Emmanuel Adebayor has come in for a lot of criticism of late, and he is undoubtedly looking unmotivated and out of form.  There were two half chances that, last season, would probably have found the back of the net.  However, the key problem remains the midfield unit.  The deterioration from Rosicky-Fabregas-Flamini-Hleb to Nasri-Denilson-Diaby-Eboue is painful.  The manager was fairly blasé about the possibility of signing Arshavin after the game, but a schemer of his quality would be a hugely significant addition. 

We lack quality.  We have about 27 hours to add some.

For those that are interested, the latest on Arshavin is that the player is in St. Petersburg with a private jet on standby to fly to Moscow if a deal can be agreed.  Zenit say they are still waiting for an official response from Arsenal to their compromise offer of £15m in two installments.  Arsenal, meanwhile, are playing a very dangerous waiting game, trying to negotiate the price even further towards their initial £12m offer.

If anything does happen, it’ll be tomorrow, and you’ll be able to follow the frantic final day of the transfer window both here on Gunnerblog and on twitter.  I’m taking the day off to endure the torment of us inevitably signing no-one.  Join me.  At least the blind panic will enable us to forget about the West Ham match.

‘Till then.

Arshavin has 2 days.
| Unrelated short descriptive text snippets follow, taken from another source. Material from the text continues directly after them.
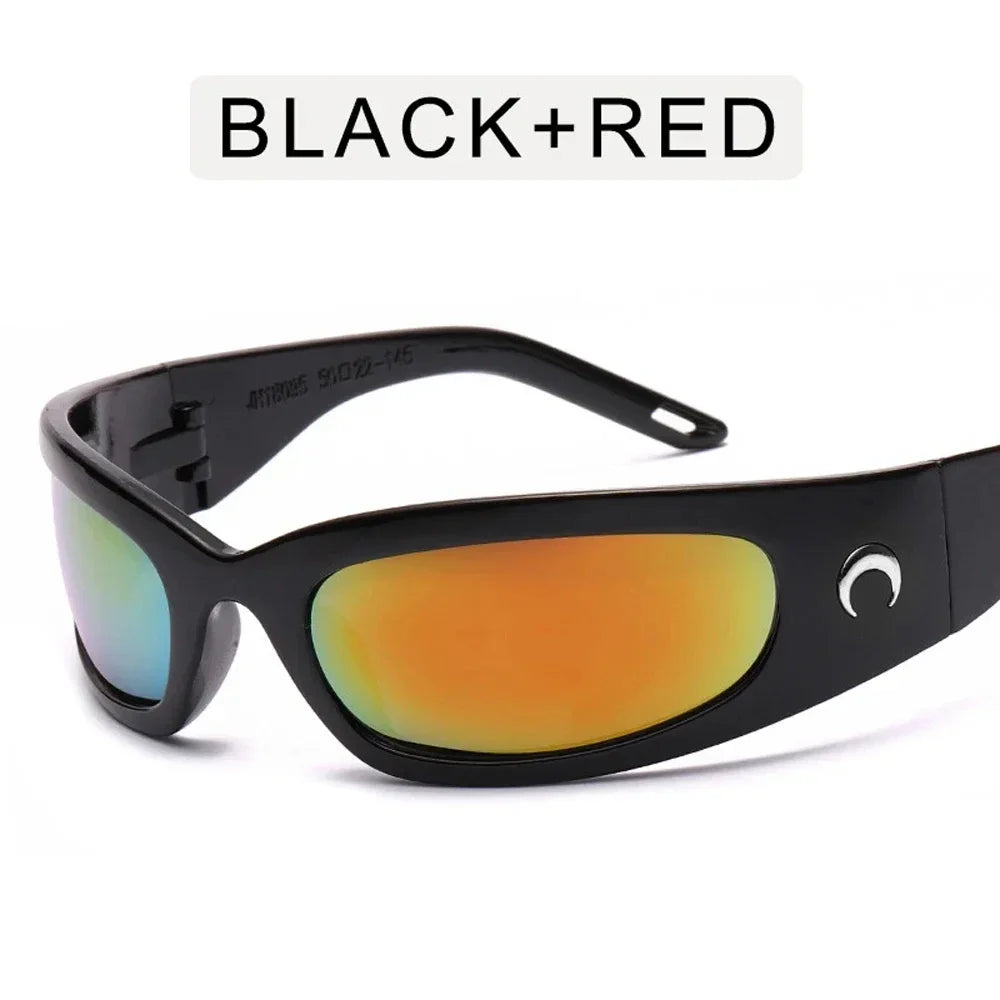 Retro Moon Sunglasses – Classic Luxury UV400 Shades for Men & Women Sunglasses Lunarity Garage Black-Red As Picture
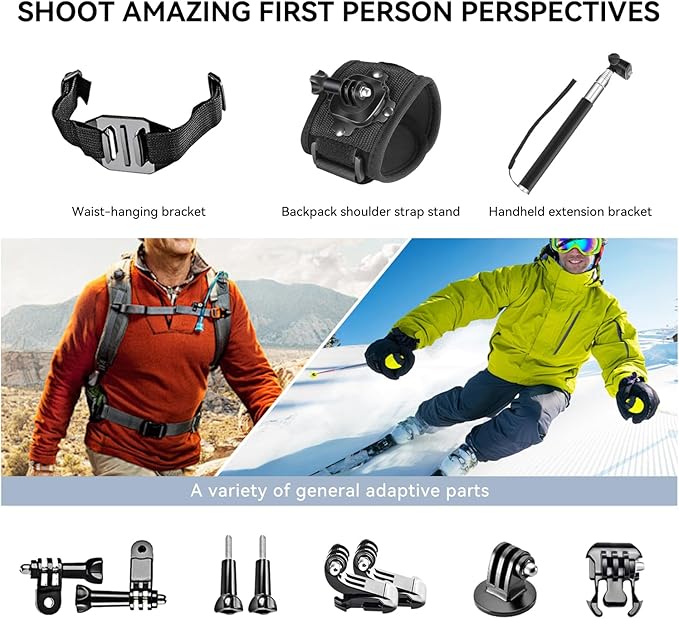50 in 1 Action Camera Accessory Kit Compatible with Gopro Hero 12 11 10 9, DJI OSMO 4 3 2, Insta360 X3 X2 GO 3, SJCAM, DBPOWER, Campark, Sony Sports DV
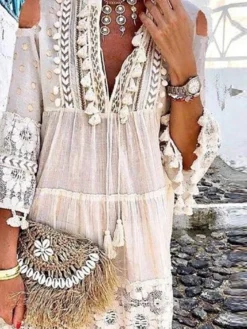 Women's Casual Dress Lace Dress White Dress Midi Dress Lace Patchwork Daily Holiday Vacation Streetwear Basic V Neck Long Sleeve 2023 Loose Fit White Color S M L XL XXL Size -HANs Plus Size Style Shop hgptbh1682579550537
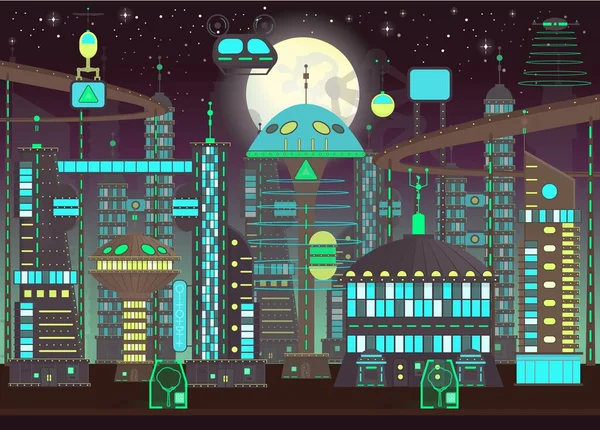 Futuristic Night City Set Flat Cartoon Style Panorama Modern City — Stock Vector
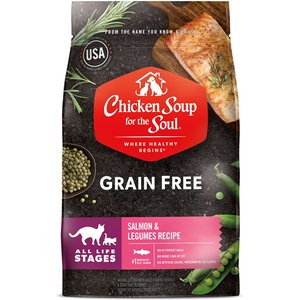 Chicken Soup for the Soul Salmon & Legumes Recipe Grain-Free Dry Cat Food, 4-lb bag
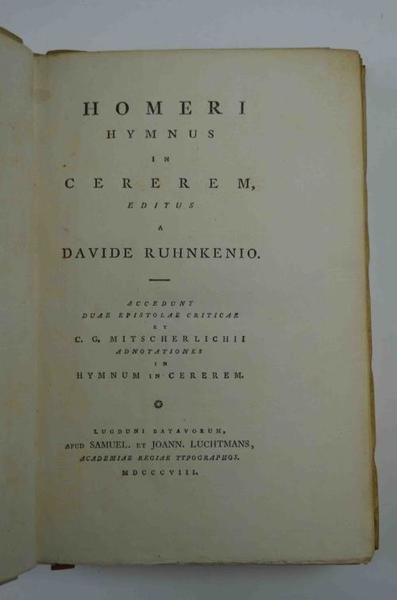 Hymnus in Cererem editus a Davide Ruhnkenio. Accedunt duae Epistolae …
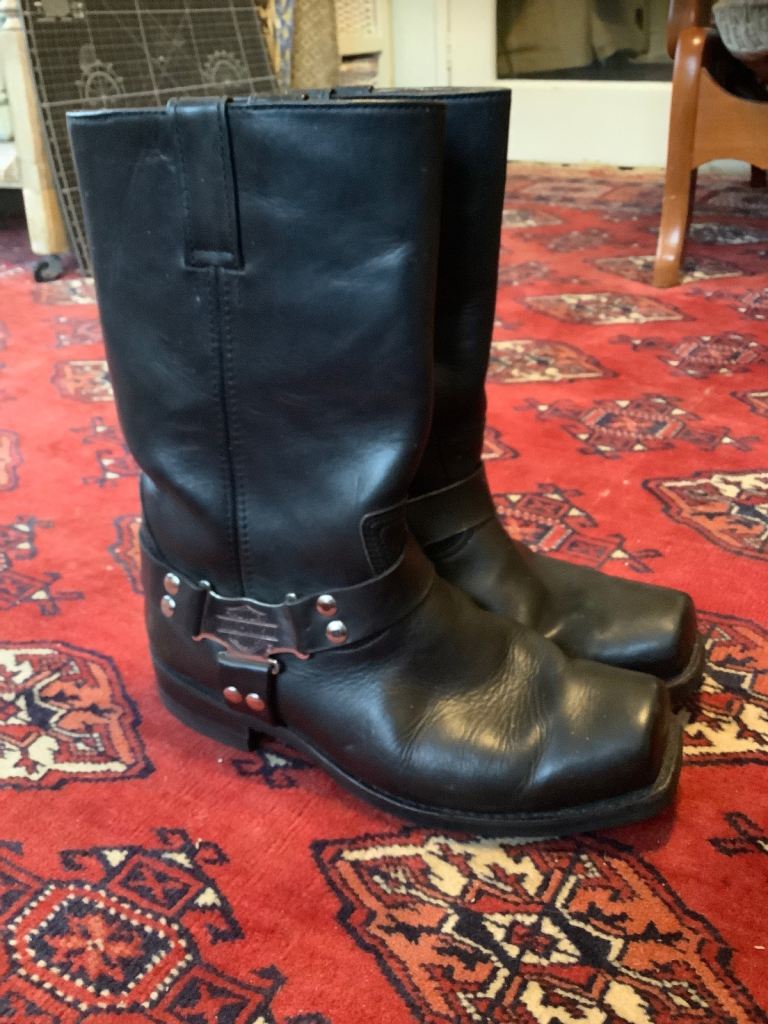 🏍️ HARLEY DAVIDSON LEATHER BIKER BOOTS 🥾 BLACK (UK 🇬🇧 SIZE 12)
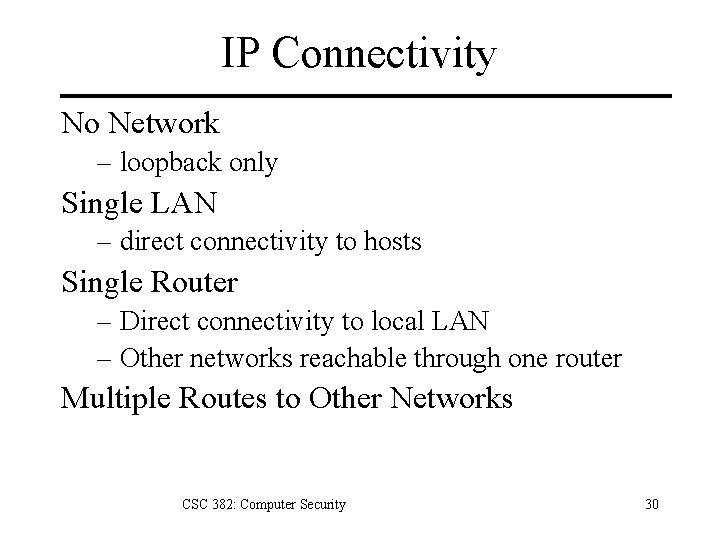 IP Connectivity No Network – loopback only Single LAN – direct connectivity to hosts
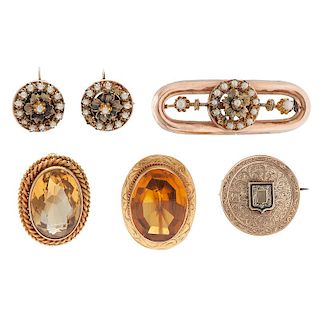 Victorian Brooch and Earrings in 10 Karat Rose and Yellow Gold PLUS Three 14 Karat Yellow Gold Pins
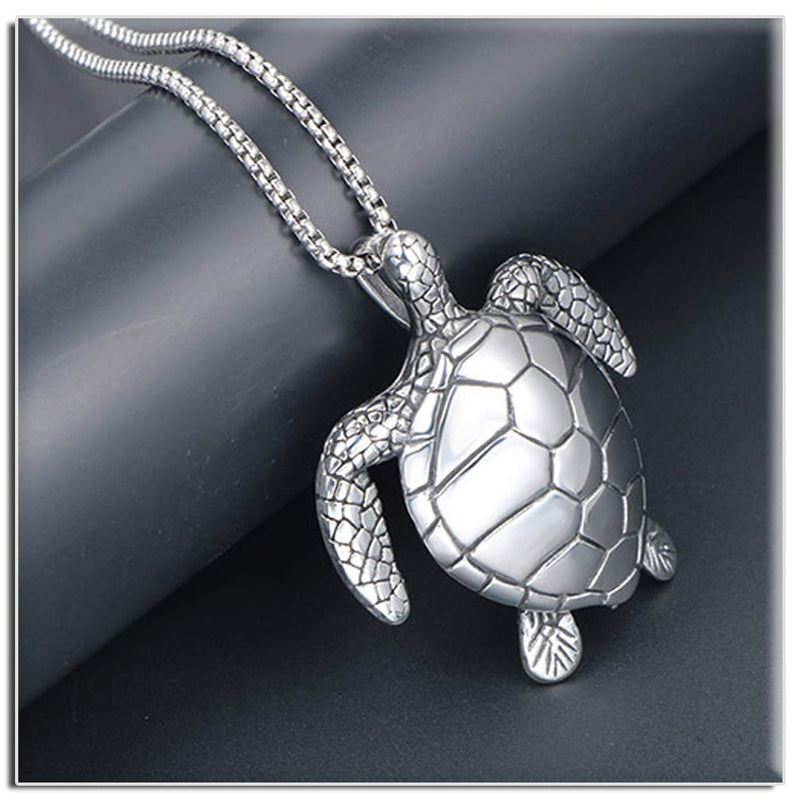 [Australia] - Xusamss Punk Rock Titanium Steel Turtle Tag Pendant Chain Necklace,24inches Box Chain 316L Steel Turtle 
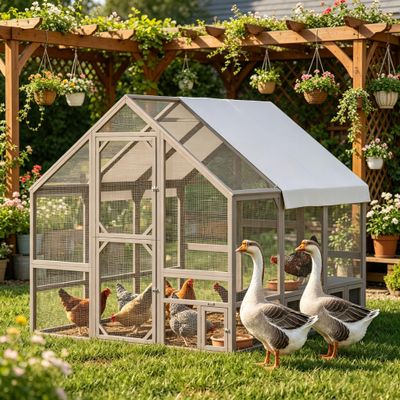 Modern Pet Coop, Duck Coop, Chicken Run Cage, Wooden Chicken Coop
Or 53 hours. Or 3203 minutes. Or 192216 seconds.


Time is running out for Arsenal to complete a deal for Andrei Arshavin, but for the first time in a saga that has now run for more than a month, there does seem to be a little urgency and signs of significant progress.

Sky Sports News and Russian source Sovietsky Sport are reporting that Arshavin has left his Dubai hotel separately from his Zenit team-mates, and boarded a flight to London.  Just as Arsene refuted claims yesterday that we had applied for a work permit, the player’s representative is denying the Sky story, suggesting the player is returning to St. Petersburg as scheduled

Arsene, however, seems confident.  It is incredibly unusual for him to talk about another club’s player openly, but yesterday he was very candid about why Arshavin is a target:

“In a big club, you are always under pressure to have a player who gives you something special. It’s like that everywhere — at Real Madrid, Manchester United and Arsenal. They are the players that are most difficult to find.  He’s a guy who can go past people in the final third.  He can have the key, individually and collectively.  He is an experienced player, 27, a good age and we are a very young side. We will not have Fabregas in the next six to eight weeks, we will not have Walcott in the next five weeks, Rosicky in the next eight weeks. One more body could help us.”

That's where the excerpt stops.